Is Antitrust Liability In The Future For The PGA Tour, And Beyond?

Published date05 August 2022
Subject Matternti-trust/Competition Law, Antitrust, EU Competition
Law FirmBakerHostetler
AuthorMr Aaron O'Brien and Alyse Stach

On August 3, 2022, 11 professional golfers, led by Phil Mickelson, filed an antitrust complaint in the Northern District of California against the PGA Tour for the actions it took against the golfers - including suspension from PGA Tour events - for their participation in events for the new Saudi-backed LIV Golf Invitational Series (LIV Golf). It is no secret that the new LIV Golf league seeks to compete with the PGA Tour, having publicly offered nine-figure payments to players joining its tournaments.

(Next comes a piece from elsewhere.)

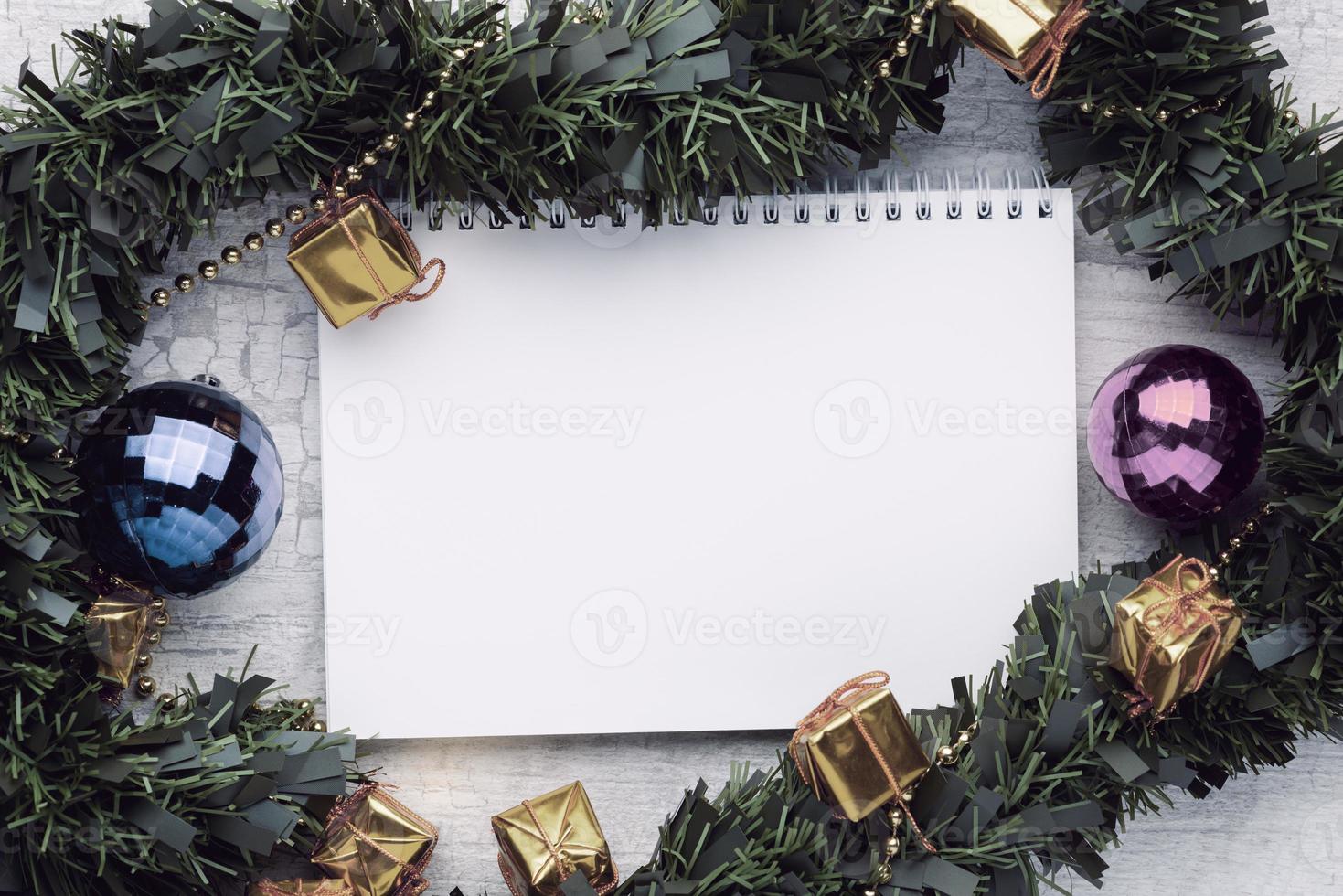Christmas and New Year background with Christmas decorations, Media banner, Mockup, Flat design, Top view photo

In addition to the recently filed federal lawsuit, the PGA Tour's reaction to competition from LIV Golf appears to be under federal investigation. The U.S. Department of Justice (DOJ) is reportedly conducting an antitrust investigation of the PGA Tour into possible anticompetitive conduct relating to efforts to keep PGA Tour players from entering LIV Golf tournaments.

The DOJ's Antitrust Division is reported to have reached out to players' agents and sent inquiries about the PGA Tour's actions in recent months relating to LIV Golf and about PGA Tour bylaws governing players' participation in other golf events. It is possible that the investigation will reach beyond players and those directly affiliated with the PGA Tour to advertisers, sponsors and other tours to determine whether there have been any antitrust violations.

In a move that it had previewed, in early June, the PGA Tour indefinitely suspended 17 players who teed off at LIV Golf's inaugural tournament in London. The golfers are considered independent contractors. The antitrust allegations focus on whether that action can be read as a restriction of the players' ability to freely compete in a competitor's event and a violation of the antitrust laws.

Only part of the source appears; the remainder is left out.